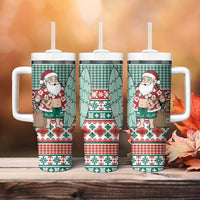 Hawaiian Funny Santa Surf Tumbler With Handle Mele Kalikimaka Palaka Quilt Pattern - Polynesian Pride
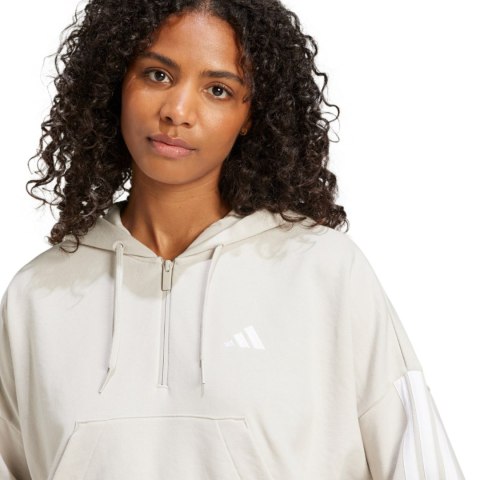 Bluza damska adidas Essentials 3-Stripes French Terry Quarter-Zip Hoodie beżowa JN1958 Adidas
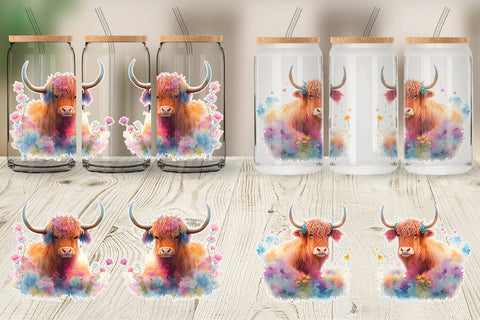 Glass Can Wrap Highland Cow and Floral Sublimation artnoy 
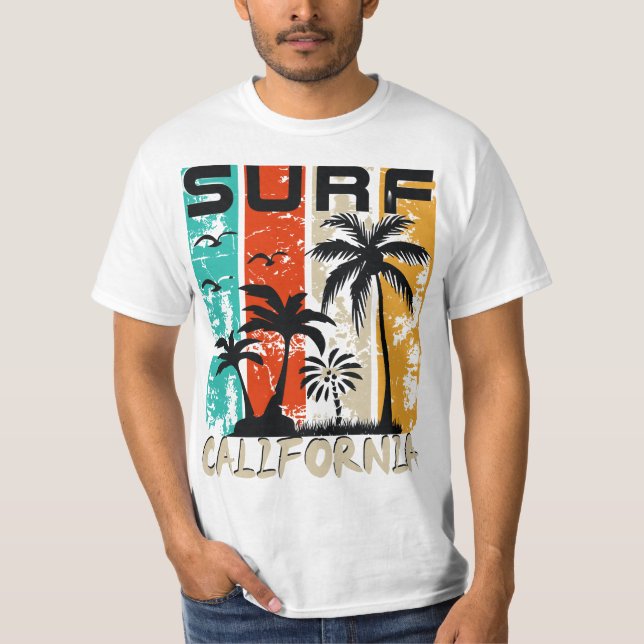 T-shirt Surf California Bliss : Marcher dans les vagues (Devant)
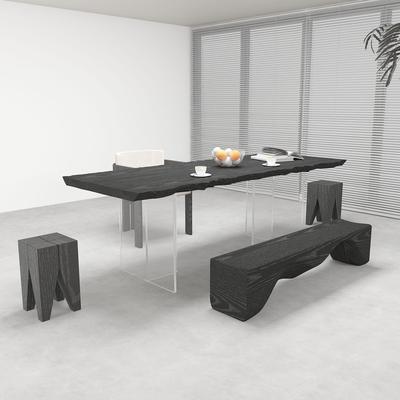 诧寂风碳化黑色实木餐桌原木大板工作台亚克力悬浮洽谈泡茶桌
—————
Exercise brief:
A faithful copy is needed of the lines from the one containing "T-shirt Surf California" through the last line of the data above, with pictures left out.

Completed task:
 T-shirt Surf California Bliss : Marcher dans les vagues (Devant)
 诧寂风碳化黑色实木餐桌原木大板工作台亚克力悬浮洽谈泡茶桌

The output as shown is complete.